Re: SATA timeouts on two disks

2008-01-24 Thread Jim MacBaine
Hi,

On Jan 21, 2008 8:47 AM, Tejun Heo [EMAIL PROTECTED] wrote:

 If you still have the old PSU lying around, please try to power one of
 the failing drive with the old PSU.  Just leave everything else as-is,
 power-up old PSU by itself as described in the following web page and
 connect only one of the failing drive to the old PSU.

   http://modtown.co.uk/mt/article2.php?id=psumod

 And see whether the problem continues and if so on which drives.
 Connecting SATA drives to separate power is completely safe even if they
 don't have common ground because SATA connection never directly connect
 to each other.

Yes, I still have the old PSU lying around.

A co-worker, to whom I explained my problem, asked me whether I had
properly grounded my drives. In fact I had not: The drives resided in
a vibration-absorbing frame through which their exterior had no
electrical contact with the grounded case. Since I grounded the drives
two days ago, I got no new errors.  So maybe my problem is solved.

If not, I will happily try out your suggestion. Would you be so kind
to explain in a few words, what connecting one drive to a second
(supposedly good) PSU will show?

(Is this still on-topic on this list?)

Thanks a lot,
Jim
-
To unsubscribe from this list: send the line unsubscribe linux-ide in
the body of a message to [EMAIL PROTECTED]
More majordomo info at  http://vger.kernel.org/majordomo-info.html


Re: SATA timeouts on two disks

2008-01-24 Thread rgheck

Tejun Heo wrote:

Hello,

Jim MacBaine wrote:
  

A co-worker, to whom I explained my problem, asked me whether I had
properly grounded my drives.

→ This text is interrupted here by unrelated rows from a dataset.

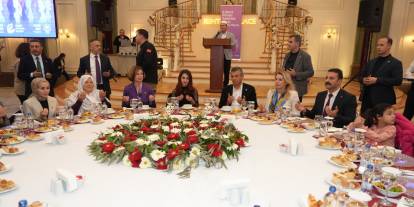 CHP lideri Özel Eskişehir’de kadınlarla iftar programında buluştu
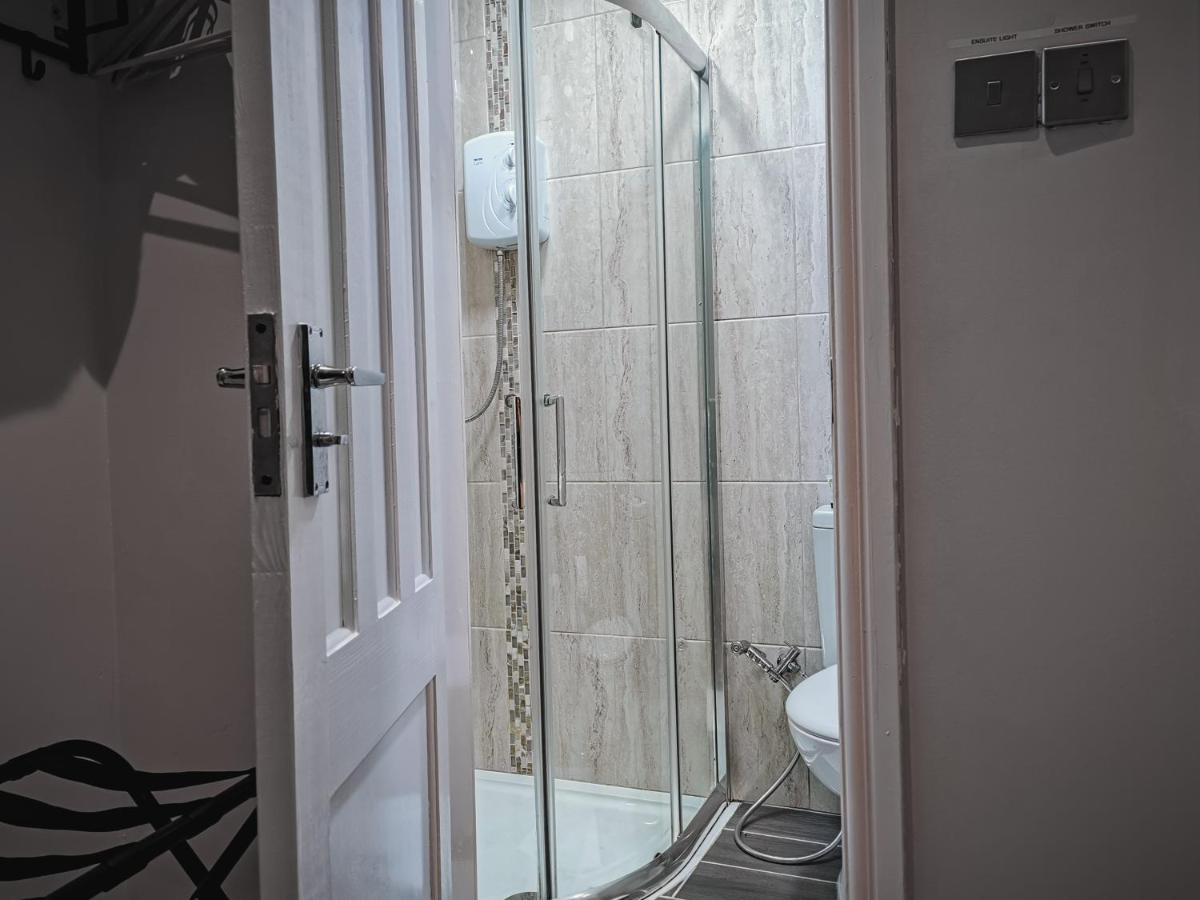 Luxurious 3 Bedroom Apartment: Heart Of Westend Glasgow Exterior foto
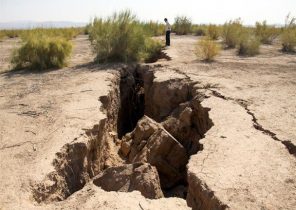وضعیت بحرانی فرونشست در دشت های البرز/ شوری بالا، چالش جدی پیش روی منابع آب/ ۷۰ درصد چاه های استان غیر مجاز حفاری شده است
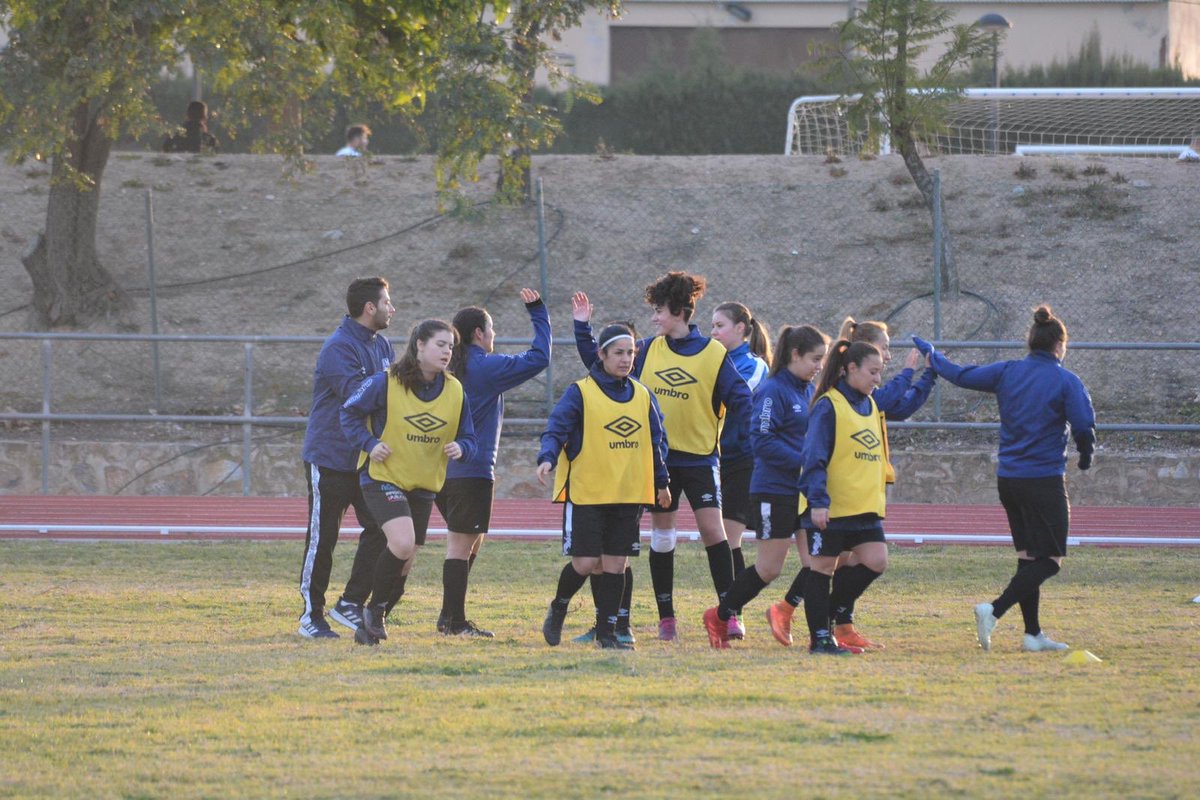 ¡ Match day ! Nuestras guerreras comienzan la segunda vuelta con ganas de hacer las cosas bien. Se enfrentan al <a href="/EFDolorense/">CD Dolorense</a> a las 18.00 en el Pitin ! #VAMOSGUERRERAS #123MARME ⚔️ ⚽️👠💙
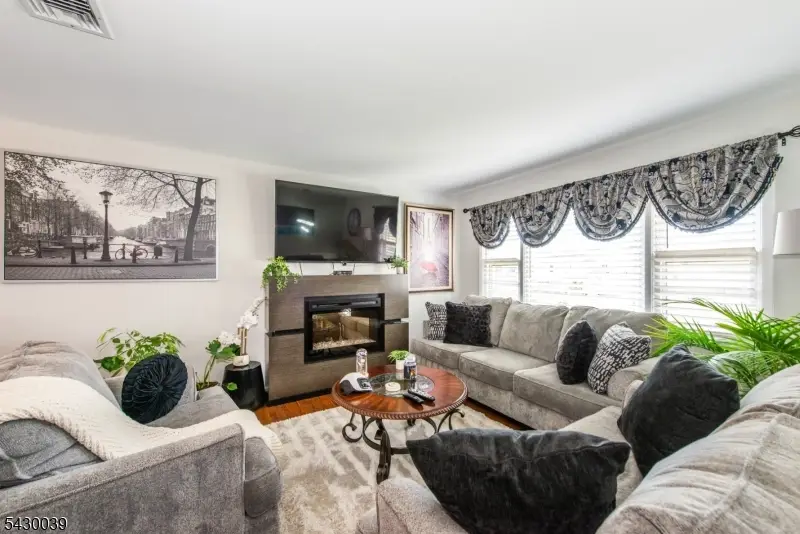 8 Kennedy Dr, Fairfield, NJ 07004 - #3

In fact I had not: The drives resided in
a vibration-absorbing frame through which their exterior had no
electrical contact with the grounded case. Since I grounded the drives
two days ago, I got no new errors.  So maybe my problem is solved.



Hmmm... Grounding. Interesting.

  
Can you say about more about this, Jim? This may also be my problem, or 
part of it, as my drives too are mounted in such a way as not to be in 
physical contact with the case. How did you go about grounding them? I 
suppose one test would be just to remove the washers


That said, in my case, 2.6.24 seems to make a big difference, too. I 
accidentally booted into 2.6.23 today and, boom.


Richard

-
To unsubscribe from this list: send the line unsubscribe linux-ide in
the body of a message to [EMAIL PROTECTED]
More majordomo info at  http://vger.kernel.org/majordomo-info.html


Re: SATA timeouts on two disks

2008-01-19 Thread rgheck

Jim MacBaine wrote:

On Jan 13, 2008 1:07 PM, Mikael Pettersson [EMAIL PROTECTED] wrote

The fact that the problems occur on different disks on
different controllers driven by different drivers indicates
that it's not a disk, controller, or driver problem.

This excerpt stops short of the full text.